Corbyn pledges to reverse housing crisis through radical systemic reboot

Labour leadership contender Jeremy Corbyn MP has proposed a ‘radical reboot’ of housebuilding by giving councils the tools to build and provide homes in order to meet their local affordable housing demands.

In his housing manifesto, released last week, Corbyn said the most efficient way of achieving at least 240,000 new yearly homes is by allowing councils to build houses themselves.

He claimed that “too many people” are unable to buy their own homes due to soaring rents directly linked to insufficient affordable housing.

“It has become clear that when housing provision is left purely to market forces, most of our young people simply cannot afford to get a foot on the rung of the market’s so-called housing ladder,” he said.

He outlined that for every £1 spent on housing construction an extra £2.09 is generated. As a result, he would promote major council-funded and energy-efficient building projects to cut back on “exorbitant rents” if he were prime minister. To support these projects with low interest rates, he pitched the idea of a National Investment Bank, designed to promote infrastructure upgrades.

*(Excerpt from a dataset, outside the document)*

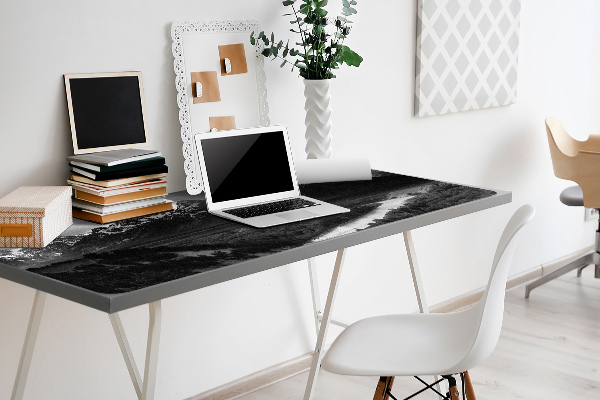 Large desk mat for children dark mountains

Corbyn described the current housing situation as at “crisis point”, with families being shoved from council houses to B&B to hostels “hundreds of miles away from support networks and denied stability and security”.

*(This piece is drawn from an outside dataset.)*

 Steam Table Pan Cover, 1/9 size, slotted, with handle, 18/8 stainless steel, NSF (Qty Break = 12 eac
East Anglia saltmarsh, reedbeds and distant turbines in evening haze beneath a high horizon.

“Council homes are emptied, regenerated and sold at prices well out of the reach of normal people, causing the social cleansing of our cities.”

In a truly ‘radical’ move, Corbyn – the frontrunner for the leadership, according to some polls – also vowed to scrap the “pernicious” bedroom tax and benefit cap. The ambitious pledge is likely to win over a large chunk of social housing tenants, as the controversial tax causes many of them to be depressed, stressed, anxious and hungry.

He called instead for a rent cap which, in turn, should also save on housing benefit costs – though the LGA would probably argue that rent caps must accompany wide-scale housebuilding efforts lest the councils be left to “mend additional financial gaps”.

The Labour MP also promised to regulate private landlords to ensure decent housing conditions and lower rents in the sector – but on par with the local average earning levels.

Contender Andy Burnham set out similar plans in his manifesto last week – though in significantly less detail – by also pledging to reintroduce councils to housebuilding by lifting borrowing caps.

The vote for Labour leadership will begin on 14 August, with the results announced on 12 September. The other candidates are Yvette Cooper and Liz Kendall.